‘A Sober Encounter…’ is due to be published in The Student Advertiser in June, 2015.
Are you young?
In your late teens/early twenties?
Great. So, you’ve probably discovered the Garage? What was it like for you? Everyone I speak to has different opinions of their first experience. Some are happy to describe it as “the beginning of the rest of their life”, whereas other people genuinely believe it’s the worst thing they’ve encountered since hearing what Chris Martin named his children.
The main thing to note here is that no one seems to have had a mediocre experience because that would be the worst thing it could be. A night in the Garage levels out somewhere between a quiet drink with friends and a whitey-mixing fest with a bunch of people you pick up during pre-drinks. Some say it’s a bloodbath; I say it’s bloody brilliant. But, what is it like for a new party-goer?
I was not always an avid Garage promoter. In fact, contrary to popular belief, there was a time in the not too distant past when I was the first of my friends to turn 18 and the only one who didn’t drink. Alas, the big day arrived around two months before I turned nineteen: I was finally going to see what this mysterious venue did to its attendees at my first 18th event in town – 110% sober. (Key mistake.)
To readers who don’t derive from these parts – and are unfamiliar with all that the “people” who “make Glasgow” do for entertainment – the Garage IS NOT a concrete hollow where people go to socialise around parked cars and lawnmowers while someone’s mum bangs on the door telling them to turn the music down. The Garage is Glasgow’s biggest club. And if you skip pre-drinks before entering, it might also be Glasgow’s biggest turn off.

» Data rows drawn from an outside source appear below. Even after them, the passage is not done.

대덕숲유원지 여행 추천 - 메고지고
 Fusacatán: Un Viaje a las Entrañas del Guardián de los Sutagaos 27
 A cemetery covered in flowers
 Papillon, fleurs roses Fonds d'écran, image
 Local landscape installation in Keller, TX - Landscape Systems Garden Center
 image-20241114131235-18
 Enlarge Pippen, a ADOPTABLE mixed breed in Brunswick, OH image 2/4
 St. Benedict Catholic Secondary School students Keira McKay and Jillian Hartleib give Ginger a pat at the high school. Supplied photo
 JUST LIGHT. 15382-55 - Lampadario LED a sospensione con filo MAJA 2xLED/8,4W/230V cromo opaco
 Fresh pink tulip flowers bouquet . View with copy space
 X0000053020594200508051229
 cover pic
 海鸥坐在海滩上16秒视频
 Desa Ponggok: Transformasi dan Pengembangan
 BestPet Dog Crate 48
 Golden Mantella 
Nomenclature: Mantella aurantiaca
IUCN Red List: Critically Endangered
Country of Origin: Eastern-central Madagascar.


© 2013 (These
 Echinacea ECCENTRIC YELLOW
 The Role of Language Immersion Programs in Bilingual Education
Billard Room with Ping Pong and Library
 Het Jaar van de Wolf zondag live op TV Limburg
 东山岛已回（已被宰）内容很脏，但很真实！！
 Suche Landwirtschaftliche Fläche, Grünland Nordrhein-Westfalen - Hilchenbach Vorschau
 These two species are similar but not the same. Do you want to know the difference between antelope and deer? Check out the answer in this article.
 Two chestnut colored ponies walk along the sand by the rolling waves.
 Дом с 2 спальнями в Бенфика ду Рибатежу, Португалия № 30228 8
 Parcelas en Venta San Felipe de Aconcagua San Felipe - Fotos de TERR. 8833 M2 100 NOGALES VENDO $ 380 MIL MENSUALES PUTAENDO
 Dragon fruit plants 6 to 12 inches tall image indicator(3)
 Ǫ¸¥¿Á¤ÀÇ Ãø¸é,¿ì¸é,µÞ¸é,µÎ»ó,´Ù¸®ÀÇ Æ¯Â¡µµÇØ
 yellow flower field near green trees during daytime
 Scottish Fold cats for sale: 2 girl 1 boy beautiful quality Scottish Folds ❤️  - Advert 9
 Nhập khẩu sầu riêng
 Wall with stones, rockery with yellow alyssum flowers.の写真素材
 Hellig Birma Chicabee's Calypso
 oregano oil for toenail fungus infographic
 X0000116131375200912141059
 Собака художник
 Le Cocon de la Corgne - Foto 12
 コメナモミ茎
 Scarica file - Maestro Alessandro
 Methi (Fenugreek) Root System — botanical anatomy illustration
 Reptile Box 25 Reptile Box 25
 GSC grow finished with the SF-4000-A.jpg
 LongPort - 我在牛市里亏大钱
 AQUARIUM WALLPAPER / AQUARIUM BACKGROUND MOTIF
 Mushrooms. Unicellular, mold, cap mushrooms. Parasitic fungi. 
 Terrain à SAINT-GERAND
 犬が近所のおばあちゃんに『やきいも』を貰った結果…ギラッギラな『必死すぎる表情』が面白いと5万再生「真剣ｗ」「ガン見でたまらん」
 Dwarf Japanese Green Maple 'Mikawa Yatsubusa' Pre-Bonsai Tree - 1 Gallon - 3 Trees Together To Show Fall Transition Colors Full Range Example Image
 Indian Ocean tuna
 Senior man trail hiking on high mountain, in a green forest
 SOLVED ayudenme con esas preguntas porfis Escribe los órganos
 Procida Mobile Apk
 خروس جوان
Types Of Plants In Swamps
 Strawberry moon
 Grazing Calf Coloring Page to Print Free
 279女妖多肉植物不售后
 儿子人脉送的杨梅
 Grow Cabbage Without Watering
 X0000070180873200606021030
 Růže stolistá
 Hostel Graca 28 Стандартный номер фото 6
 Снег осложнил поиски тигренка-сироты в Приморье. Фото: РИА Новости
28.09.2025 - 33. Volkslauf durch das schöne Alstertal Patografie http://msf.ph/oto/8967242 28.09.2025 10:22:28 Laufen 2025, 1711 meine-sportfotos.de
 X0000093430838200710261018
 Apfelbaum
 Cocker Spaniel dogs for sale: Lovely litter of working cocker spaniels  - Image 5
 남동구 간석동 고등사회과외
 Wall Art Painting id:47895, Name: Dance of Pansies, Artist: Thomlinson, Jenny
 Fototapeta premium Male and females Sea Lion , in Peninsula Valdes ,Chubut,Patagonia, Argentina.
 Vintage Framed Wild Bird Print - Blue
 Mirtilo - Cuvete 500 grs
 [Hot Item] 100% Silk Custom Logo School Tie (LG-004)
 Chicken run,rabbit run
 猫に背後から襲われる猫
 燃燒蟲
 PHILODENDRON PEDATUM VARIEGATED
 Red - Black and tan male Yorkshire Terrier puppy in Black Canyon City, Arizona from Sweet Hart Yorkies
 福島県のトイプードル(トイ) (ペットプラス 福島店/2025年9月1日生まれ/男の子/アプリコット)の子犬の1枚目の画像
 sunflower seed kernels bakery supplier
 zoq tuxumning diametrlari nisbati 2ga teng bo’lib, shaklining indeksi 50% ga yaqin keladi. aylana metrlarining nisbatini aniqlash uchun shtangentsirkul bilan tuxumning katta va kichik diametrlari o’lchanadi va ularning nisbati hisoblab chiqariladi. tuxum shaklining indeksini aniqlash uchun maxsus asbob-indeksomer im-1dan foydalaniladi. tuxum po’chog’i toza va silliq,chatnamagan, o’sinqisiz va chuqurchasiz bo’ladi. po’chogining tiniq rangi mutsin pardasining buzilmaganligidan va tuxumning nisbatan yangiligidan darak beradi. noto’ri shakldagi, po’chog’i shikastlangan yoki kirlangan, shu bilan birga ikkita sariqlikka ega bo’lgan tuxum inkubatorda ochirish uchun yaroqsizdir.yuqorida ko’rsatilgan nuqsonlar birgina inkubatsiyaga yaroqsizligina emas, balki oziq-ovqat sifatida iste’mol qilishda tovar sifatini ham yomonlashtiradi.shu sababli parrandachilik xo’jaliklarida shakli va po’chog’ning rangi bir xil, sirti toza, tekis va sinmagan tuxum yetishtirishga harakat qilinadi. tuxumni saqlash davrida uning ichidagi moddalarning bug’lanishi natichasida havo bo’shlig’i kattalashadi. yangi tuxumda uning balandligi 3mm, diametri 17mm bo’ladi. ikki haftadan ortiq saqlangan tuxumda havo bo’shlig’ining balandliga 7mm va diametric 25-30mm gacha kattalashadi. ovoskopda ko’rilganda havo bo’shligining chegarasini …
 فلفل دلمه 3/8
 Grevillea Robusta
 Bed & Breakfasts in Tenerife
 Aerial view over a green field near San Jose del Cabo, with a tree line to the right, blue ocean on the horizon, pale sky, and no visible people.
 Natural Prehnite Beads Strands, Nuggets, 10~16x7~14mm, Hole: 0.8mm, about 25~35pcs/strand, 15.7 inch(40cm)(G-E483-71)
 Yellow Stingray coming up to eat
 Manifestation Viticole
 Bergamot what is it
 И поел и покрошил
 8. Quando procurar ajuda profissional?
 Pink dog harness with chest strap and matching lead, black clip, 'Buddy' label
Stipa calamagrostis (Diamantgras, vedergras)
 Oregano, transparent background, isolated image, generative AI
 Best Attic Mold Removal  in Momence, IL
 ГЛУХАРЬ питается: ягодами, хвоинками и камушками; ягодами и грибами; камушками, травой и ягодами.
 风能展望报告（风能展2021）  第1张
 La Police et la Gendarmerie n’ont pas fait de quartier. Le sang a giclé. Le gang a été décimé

Inundated with neon lights that gleamed in every shade of the chemical reaction scale, I remembering stumbling through the front of house security checks – not only physically impaired by my six-inch go-to’s but due to these neon lights– partially blind. As if sobering up from my single vodka half-way along Sauchiehall Street wasn’t a damper on the evening enough, before me lay the potential for a serious accident: stairs. I tried to find it within myself to feel at ease. All of this coming-of-age, laughing off overly-optimistic shoe choices is synonymous with the Garage, right?
After scaling the walls of the stairwell for balance, trying not to exert myself to prevent perspiration, the next direction veered naturally towards staying on this level – which, apparently, wasn’t an option. Spread over four floors of gradually increasing madness, the Garage looks more like a haunted mansion than the sanctuary ‘hype’ so enthusiastically mislead me to believe. As the madness of each room increased, the dignity of those inside decreased dramatically, but the energy was electrifying.
However, I was here now. I paid my entry – discounted because, being a student, we like to reap every benefit the system offers our glossy, white plastic cards – and set off for the main hall which I gathered from surrounding conversations was the “place to be”… “man”. My friends and I paid to leave our jackets in the cloakroom, some of us willingly, others (me) grudging the £1.50 to borrow a solidary coat hanger from a storeroom, and set off into the jungle on level 1.
I must admit, that despite all previous hostility, the Garage has continued to offer me some of the most entertaining nights of my existence. Filled to the brim with like-minded students pretending they’ve studied hard since Monday to party on Saturday, you meet a wealth of young people who are just like you and living for that all-too-short weekend.
After a painful experience (painful by the ‘club virgin’s’ level, I should add) I left level 1 to explore the rest of the venue, genuinely not even bothered that I was a little sweatier than I was used to. So far, no run-ins, no pervy dancers and no fall outs over people dancing a little too close to our bums. I came to the conclusion I was either not doing something right or my make-up had melted off to reveal my “natural beauty”. Either way, I did not care, I wasn’t even intoxicated and I was craving the introduction to every upcoming tune. Walking downstairs, we came across a smaller room that was packed-to-the-ceiling with people grooving to the beat of S Club 7’s Bring It All Back. The Cheesy Pop Room was before us, and I regret that I cannot remember a single thing from that moment onwards.
Spluttering in my own sweat – one shoe in my hand, the other under a table by the door next to my cardigan – I chaired the chants of “wan mare tune” to the DJ in residency. He had graced us with some classics over the past three hours playing, the likes of 5, 6, 7, 8, C’est La Vie, Country Roads and 500 Miles. Understandably, I – amongst others – was not prepared to allow a man of that skill slip away without one final encore of Mr Brightside.
The moral of this encounter is this: don’t let stigma ruin what could be a brilliant opportunity. Clubbing is what it is: it’s sweaty conversation with people you don’t know while they fix your hair in toilets and tell you you’re still beautiful when your fake eyelashes are sliding half way down your cheeks. It’s not for everyone, I wouldn’t even say it was for me! Just avoid talking yourself out of good experiences because of what you’ve heard. That goes for everything you come across. Experiment; we’re students and we get away with it.